Die französische Justiz hat ein Dekret der Stadt Nizza gekippt, das während der Fussball-WM einen «bewusst herausfordernden Einsatz ausländischer Fahnen» verbietet. Nizzas konservativer Bürgermeister Christian Estrosi will trotzdem an seinem umstrittenen Dekret festhalten.
Die sozialistische Regierung in Paris sei «unfähig», die öffentliche Ordnung sicherzustellen, donnerte Nizzas Bürgermeister Christian Estrosi am Freitagabend, nachdem die französische Justiz Estrosis Fahnenverbot während der WM für ungültig erklärt hatte. Er werde einen solchen «Verlust der Autorität des Staates niemals akzeptieren», sagte der konservative Maire.
Estrosi hatte das Verbot am vergangenen Montag vor der Partie Deutschland gegen Algerien erlassen. In Frankreich, wo Hunderttausende Algerier leben, hatte es nach Spielen der algerischen Nationalmannschaft am Rande von Freudenfeiern teils heftige Ausschreitungen gegeben.
Mit dem Dekret wollte Estrosi der Polizei die Mittel geben, bei Freudenfeiern frühzeitig einzugreifen und so zu verhindern, dass diese aus dem Ruder laufen. Das Verbot sollte bis zum Ende der WM in der Innenstadt von Nizza gelten, und zwar zwischen 18 Uhr und 4 Uhr morgens.
«Lächerlich und skandalös»
Die Massnahme stiess jedoch umgehend auf Kritik. Der Sprecher der sozialistischen Regierung in Paris, Stéphane Le Foll, bezeichnete das Dekret als «lächerlich und ziemlich skandalös».
Mehrere Menschenrechtsorganisationen zogen mit Eilanträgen vor Gericht, um gegen das Dekret vorzugehen. Sie argumentierten, es sei «diskriminierend», weil es nur für ausländische, nicht aber für die französische Fahne gelte, und «unverhältnismässig».
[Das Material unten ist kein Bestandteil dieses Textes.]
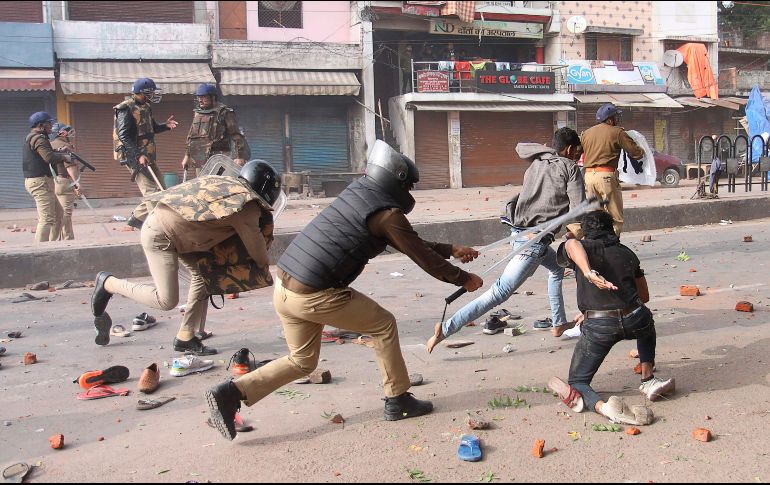 Policías se enfrentan con manifestantes hoy en Lucknow, en la provincia de Uttar Pradesh. AFP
Das Verwaltungsgericht von Nizza setzte das Dekret am Freitag vorläufig ausser Kraft, eine endgültige Entscheidung soll zu einem späteren Zeitpunkt fallen. Die Vorsitzende Richterin erklärte, es könne nicht gezeigt werden, dass die öffentliche Ordnung nicht auch mit «weniger strengen» Mitteln garantiert werden könne.
Es seien daher «ernsthafte Zweifel an der Rechtmässigkeit» des Fahnenverbots angebracht. Die Gerichtsentscheidung kam am Tag des WM-Viertelfinalspiels zwischen Deutschland und Frankreich in Rio de Janeiro.